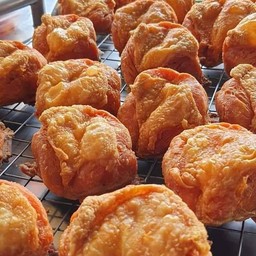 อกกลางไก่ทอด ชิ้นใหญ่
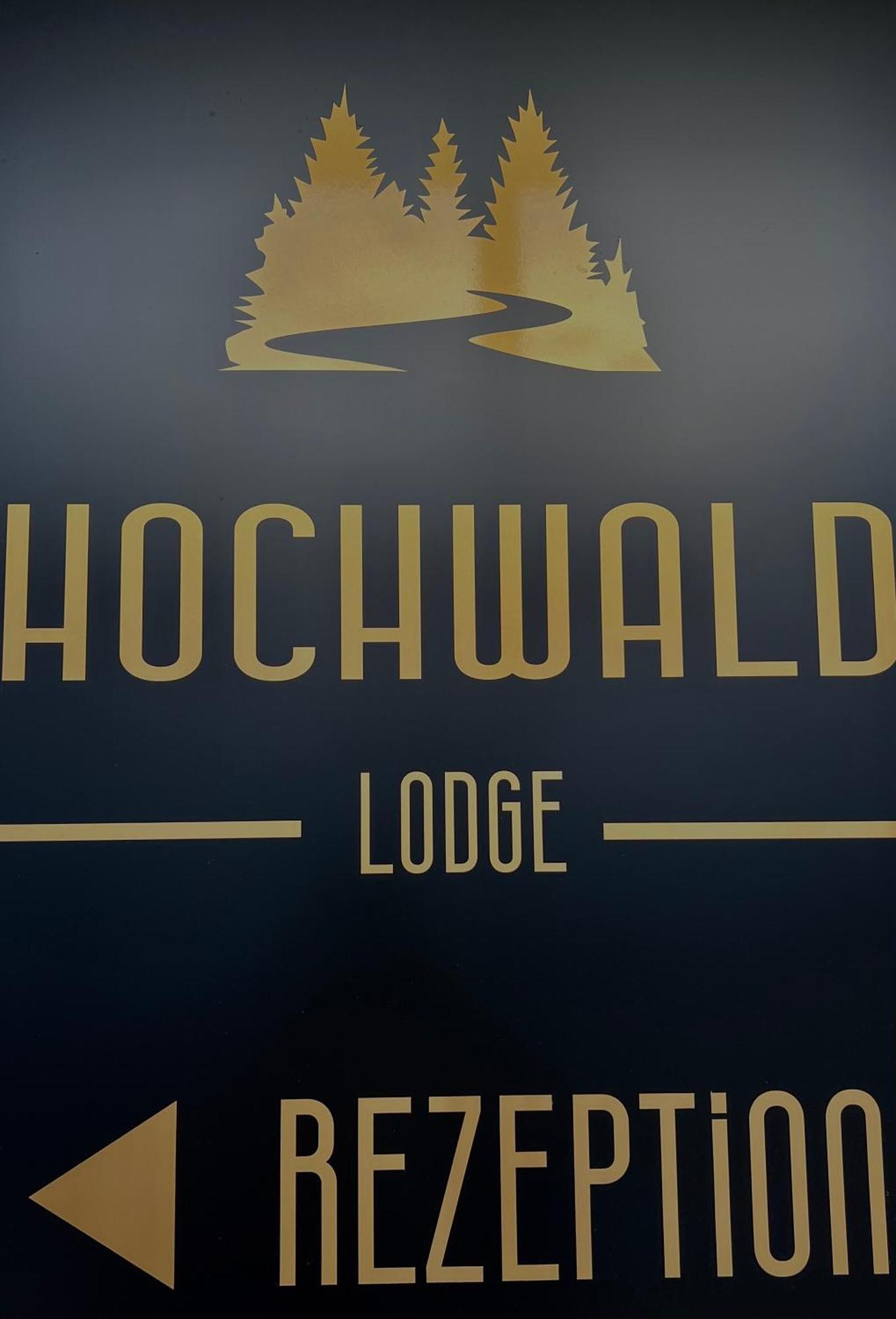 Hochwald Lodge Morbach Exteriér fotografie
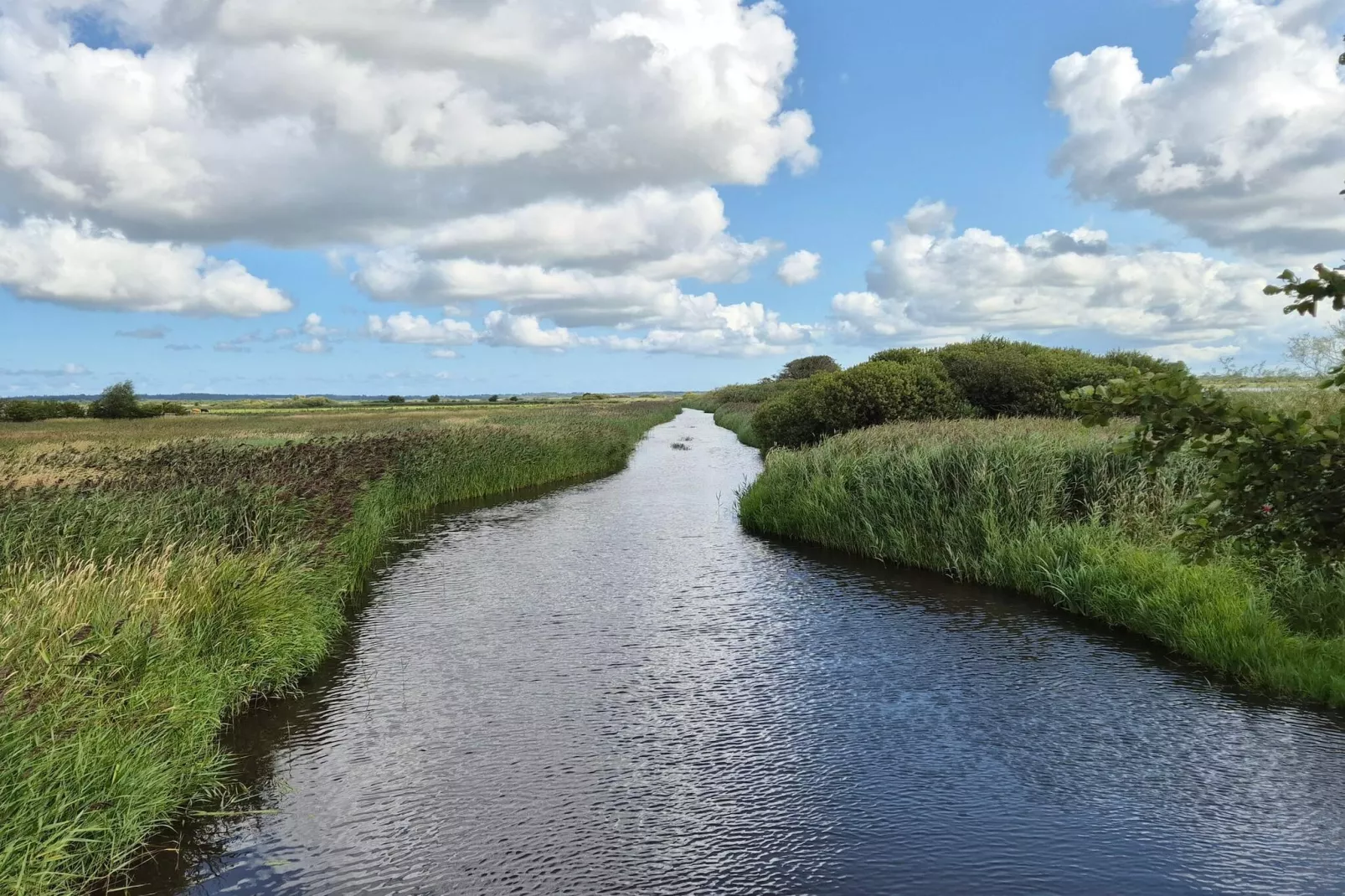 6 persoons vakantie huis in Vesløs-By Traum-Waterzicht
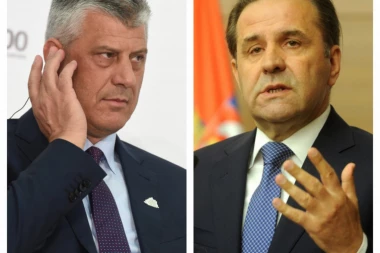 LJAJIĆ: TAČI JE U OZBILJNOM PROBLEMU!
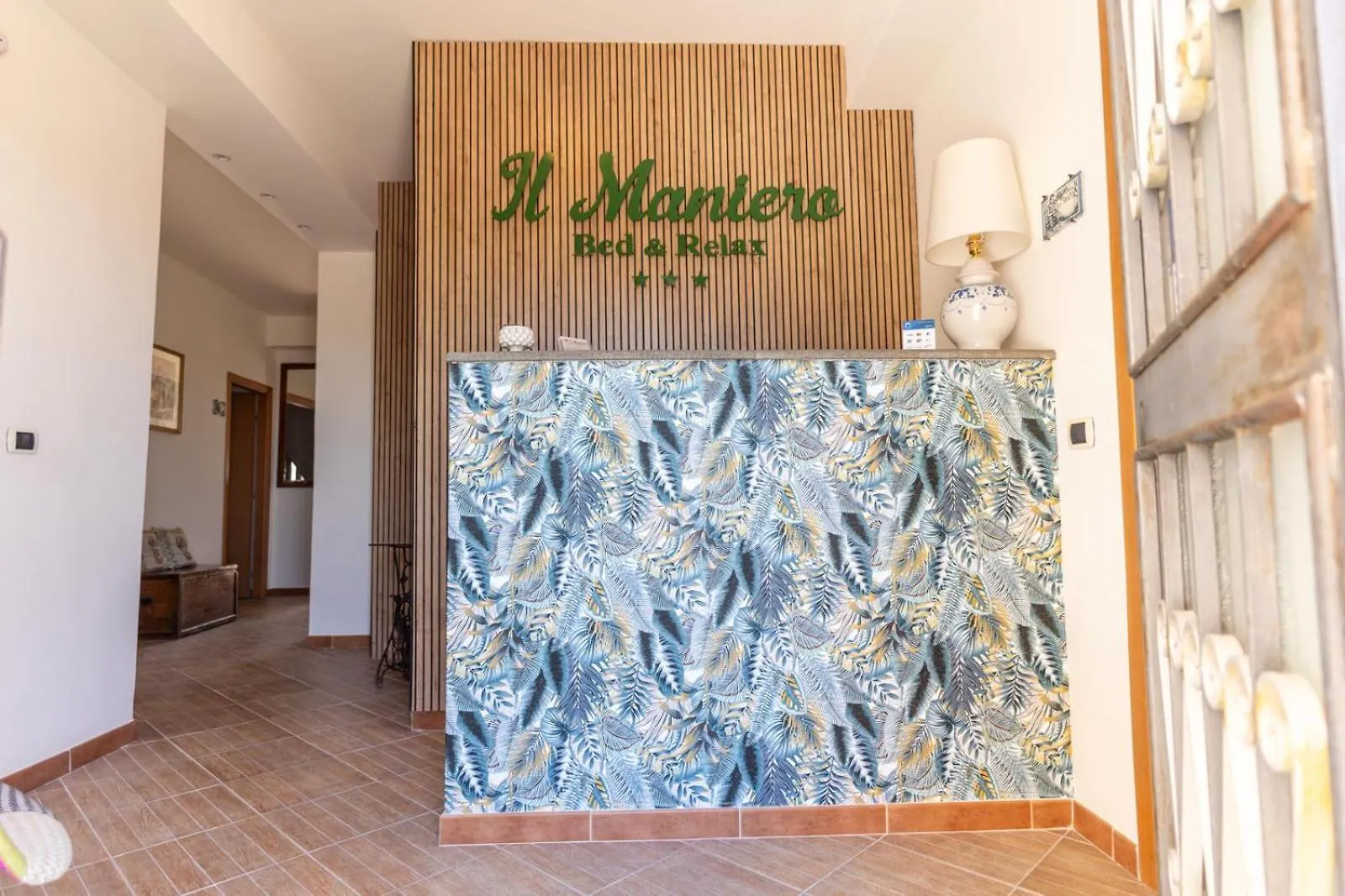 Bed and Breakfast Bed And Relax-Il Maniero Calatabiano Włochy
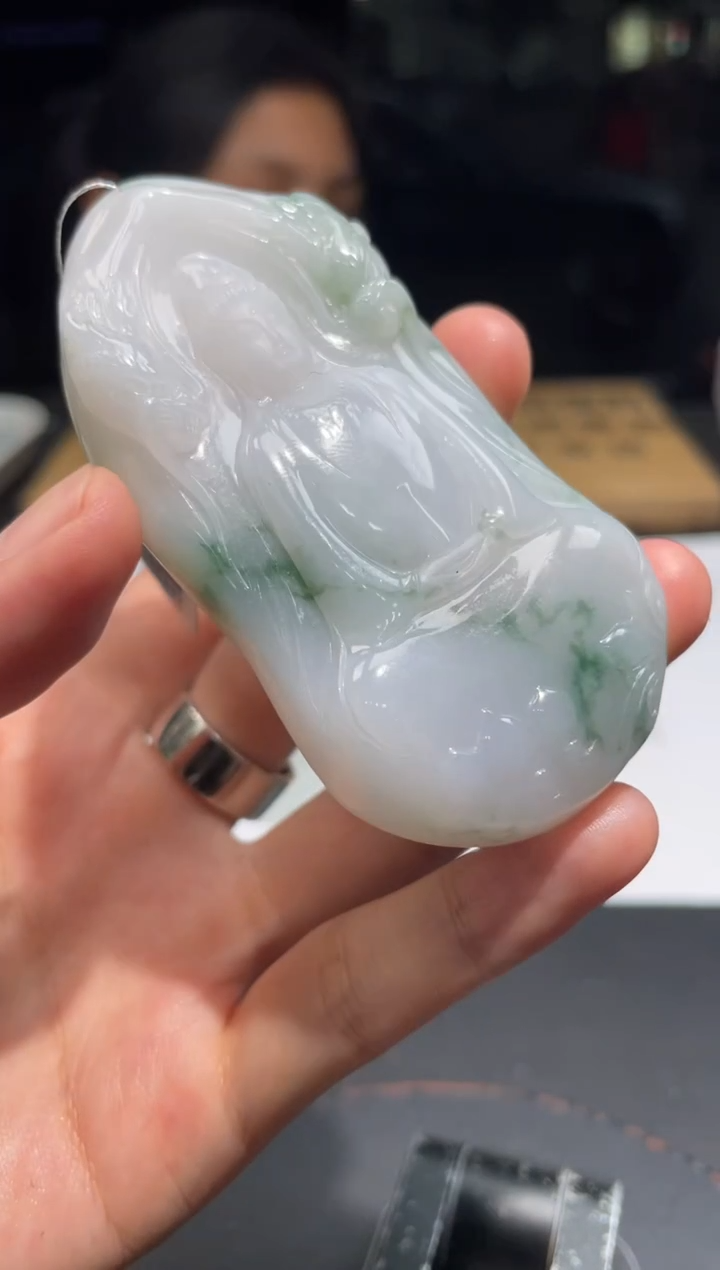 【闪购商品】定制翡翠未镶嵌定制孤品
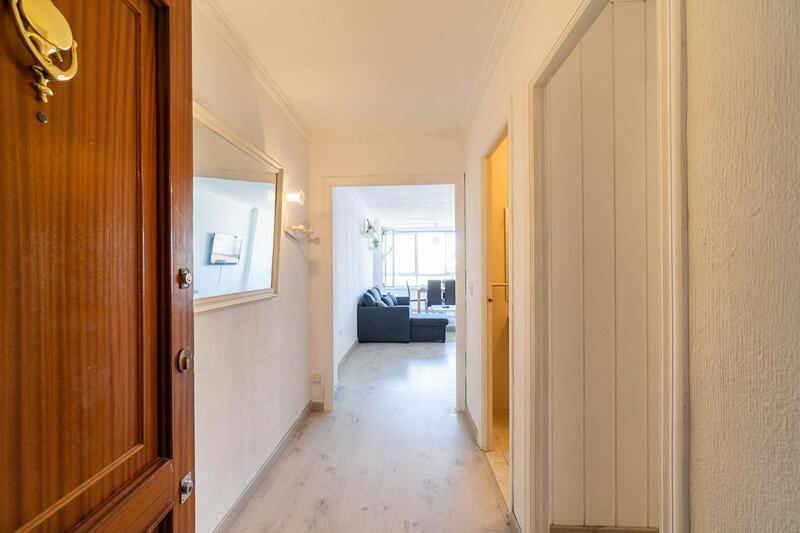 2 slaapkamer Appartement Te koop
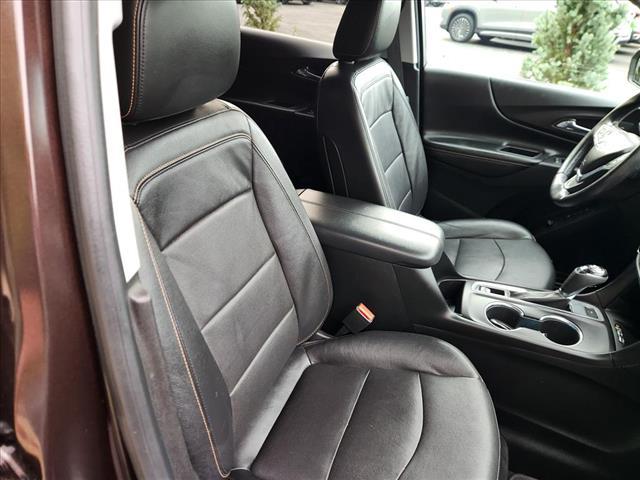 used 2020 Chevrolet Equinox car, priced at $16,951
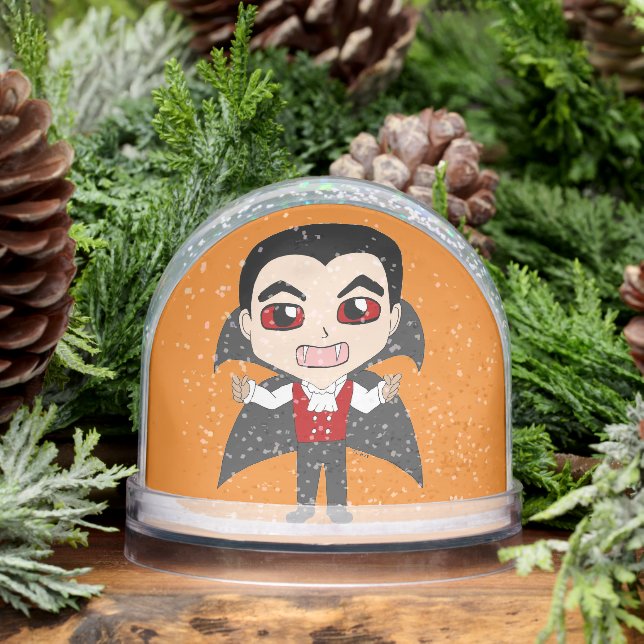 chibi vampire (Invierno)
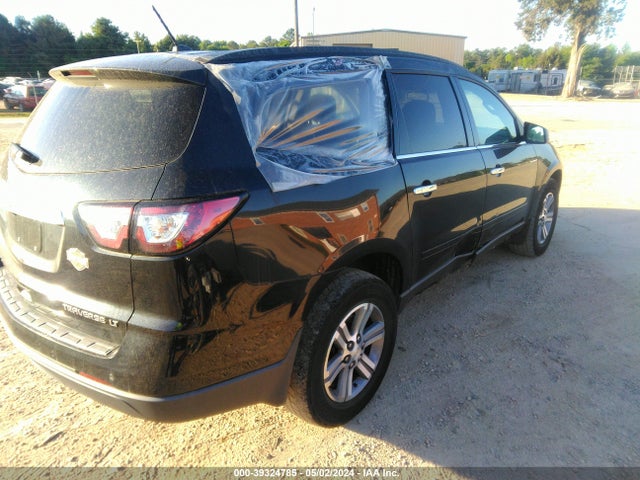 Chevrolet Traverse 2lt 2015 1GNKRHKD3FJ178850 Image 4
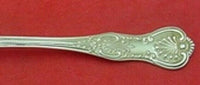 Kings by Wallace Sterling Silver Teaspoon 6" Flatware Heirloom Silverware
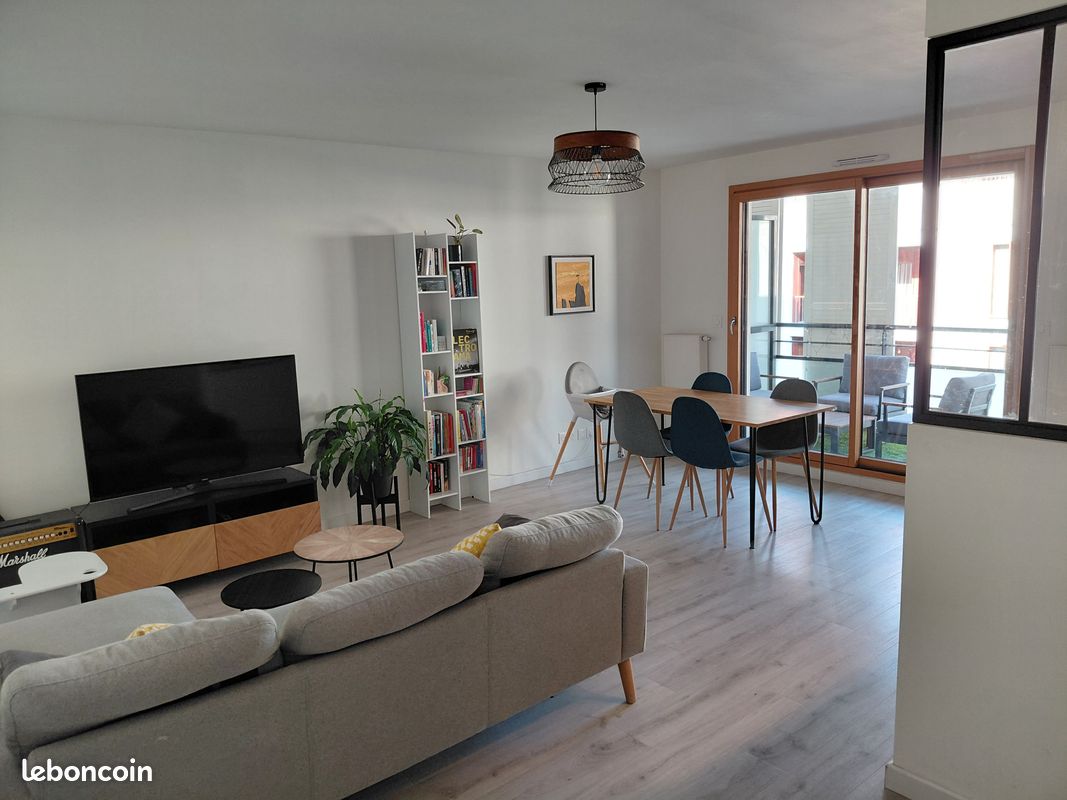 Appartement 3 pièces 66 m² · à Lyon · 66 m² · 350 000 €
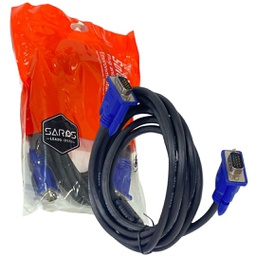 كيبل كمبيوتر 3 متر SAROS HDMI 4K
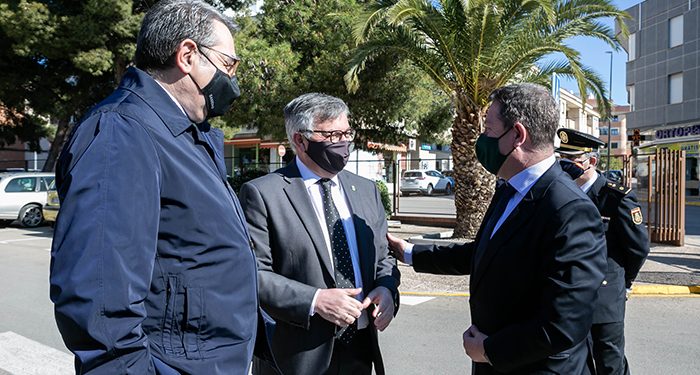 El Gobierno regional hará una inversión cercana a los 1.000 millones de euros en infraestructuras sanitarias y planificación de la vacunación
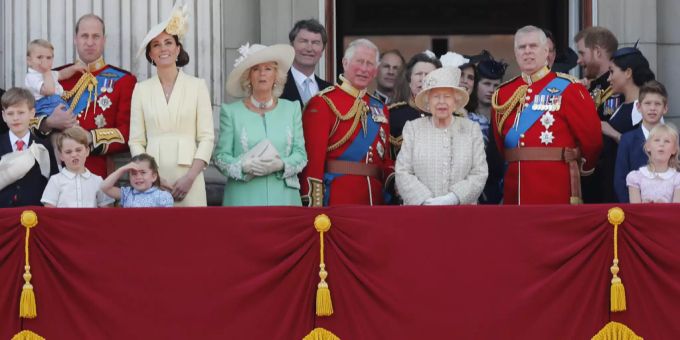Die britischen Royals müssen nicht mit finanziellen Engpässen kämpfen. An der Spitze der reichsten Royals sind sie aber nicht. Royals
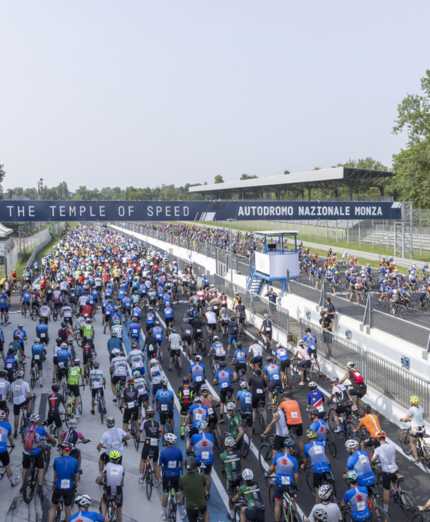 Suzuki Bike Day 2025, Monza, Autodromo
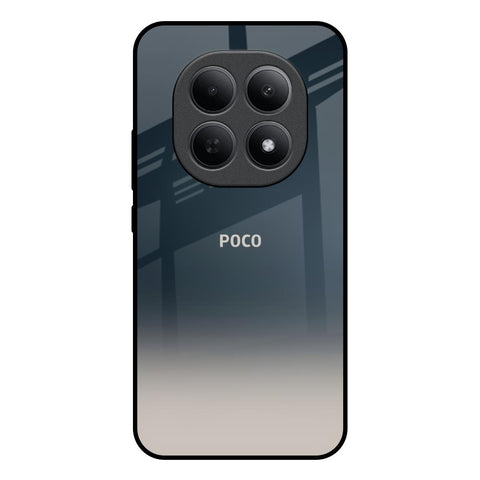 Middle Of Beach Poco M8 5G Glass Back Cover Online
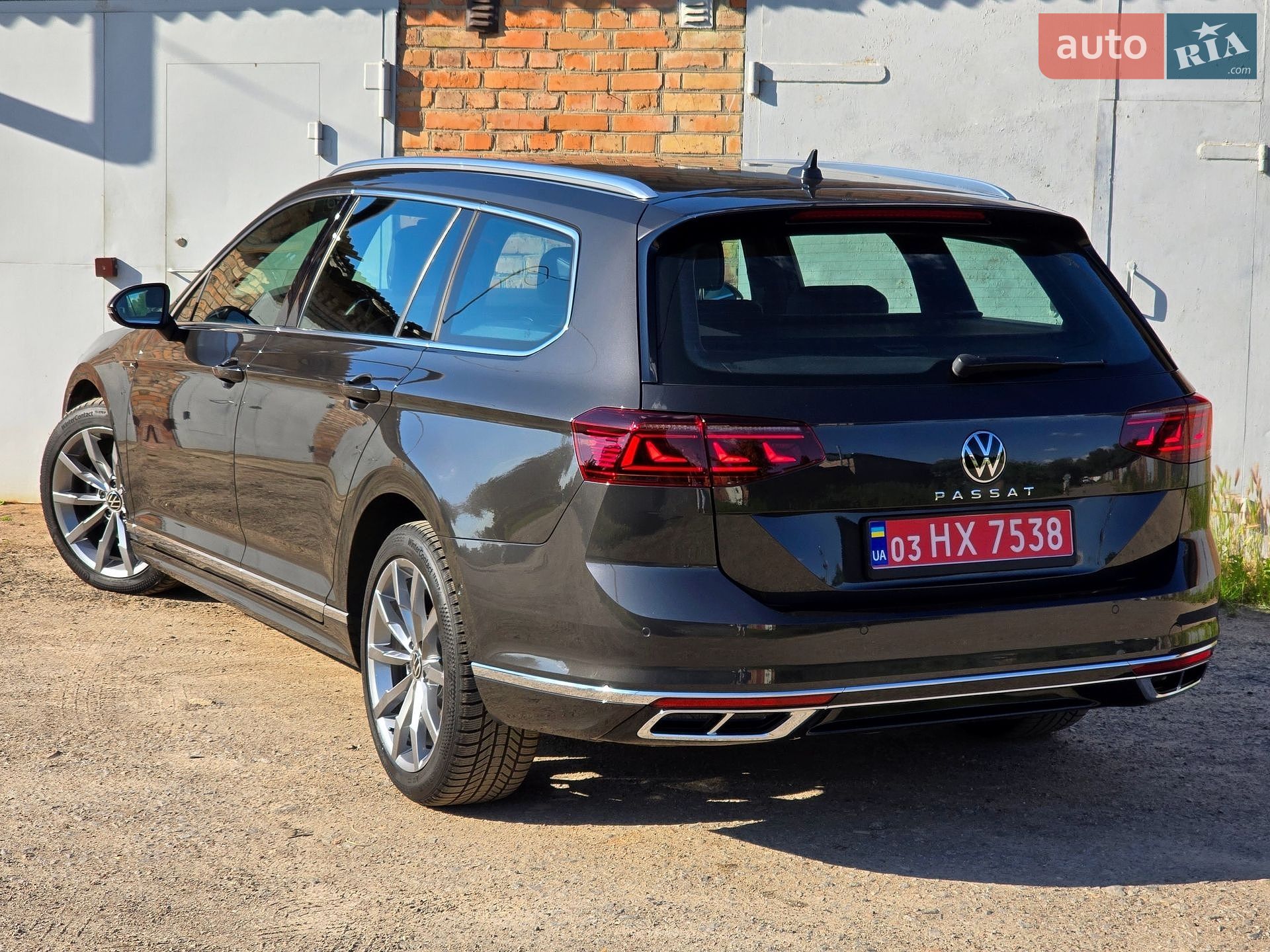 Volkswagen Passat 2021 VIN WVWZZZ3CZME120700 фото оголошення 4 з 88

┄┄┄┄┄┄┄┄┄┄

• [PROBLEM DETAILS] Using the data above, give again exactly the lines starting at the one holding "used 2020 Chevrolet" and ending at the one holding "كيبل كمبيوتر 3 متر SAROS HDMI 4K", inclusive, and nothing more. Omit the pictures.

• [EXERCISE ANSWER]
 used 2020 Chevrolet Equinox car, priced at $16,951
 chibi vampire (Invierno)
 Chevrolet Traverse 2lt 2015 1GNKRHKD3FJ178850 Image 4
 Kings by Wallace Sterling Silver Teaspoon 6" Flatware Heirloom Silverware
 Appartement 3 pièces 66 m² · à Lyon · 66 m² · 350 000 €
 كيبل كمبيوتر 3 متر SAROS HDMI 4K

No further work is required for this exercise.